● **Provided material**
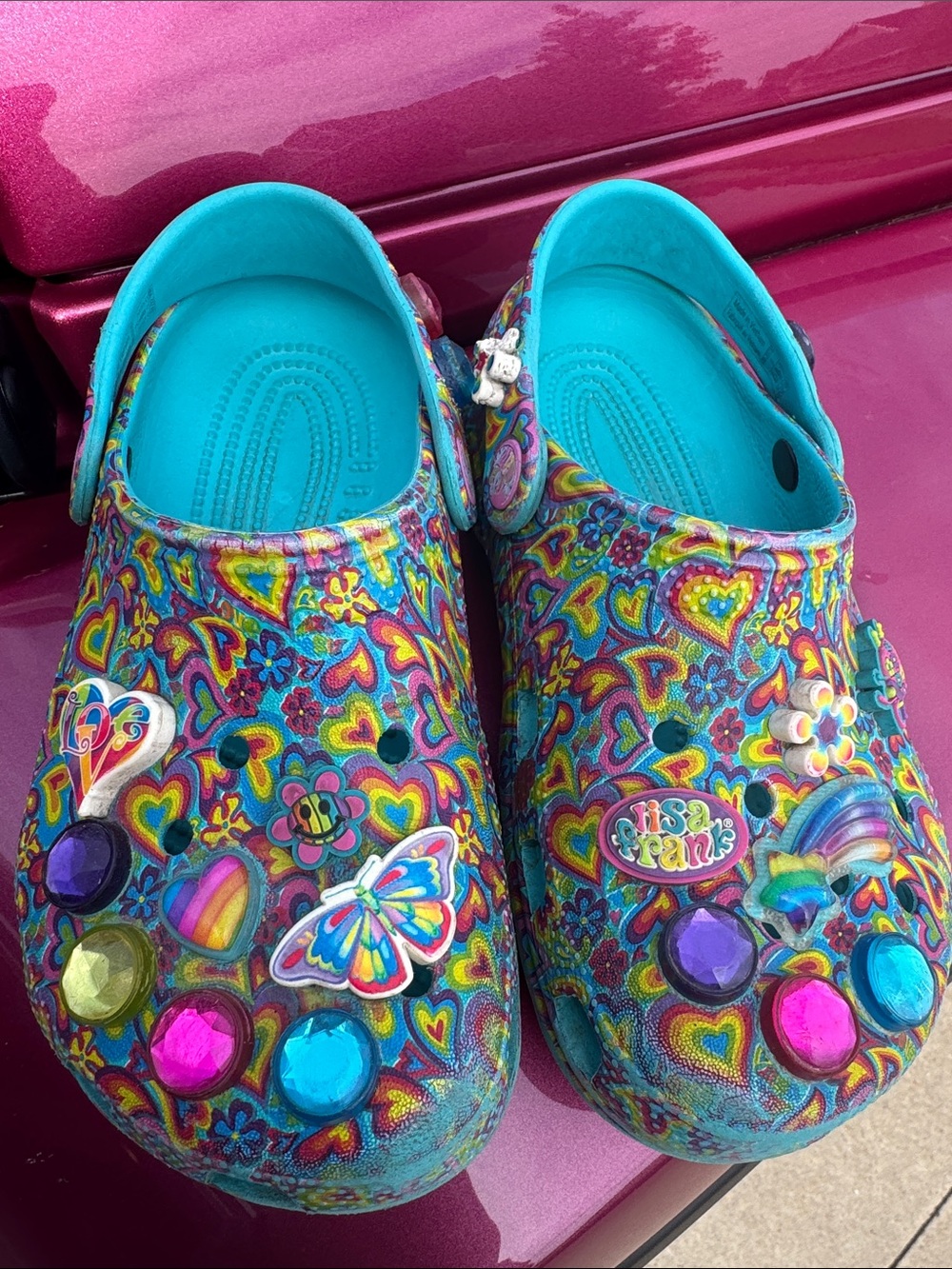 CROCS Kids Clogs in Turquoise with Rainbow Heart Pattern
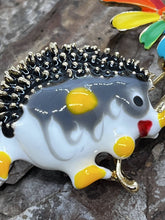 Load image into Gallery viewer, Hedgehog with daisy - enamel brooch badge
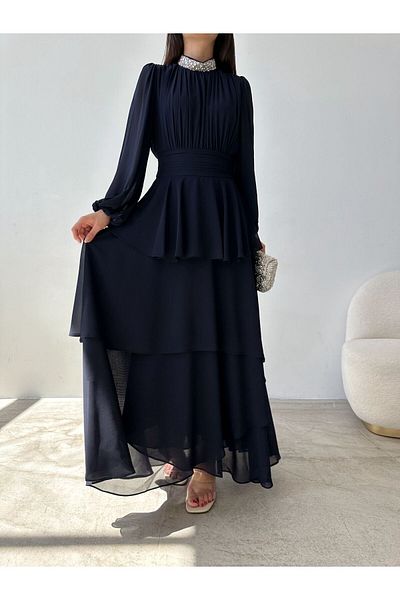 Swan Woman Stoned Ruffle Detail Evening Dress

● **Work instructions**
The result should be an exact copy of the material, containing no pictures.

● **Finished task**
 CROCS Kids Clogs in Turquoise with Rainbow Heart Pattern
 Load image into Gallery viewer, Hedgehog with daisy - enamel brooch badge
 Swan Woman Stoned Ruffle Detail Evening Dress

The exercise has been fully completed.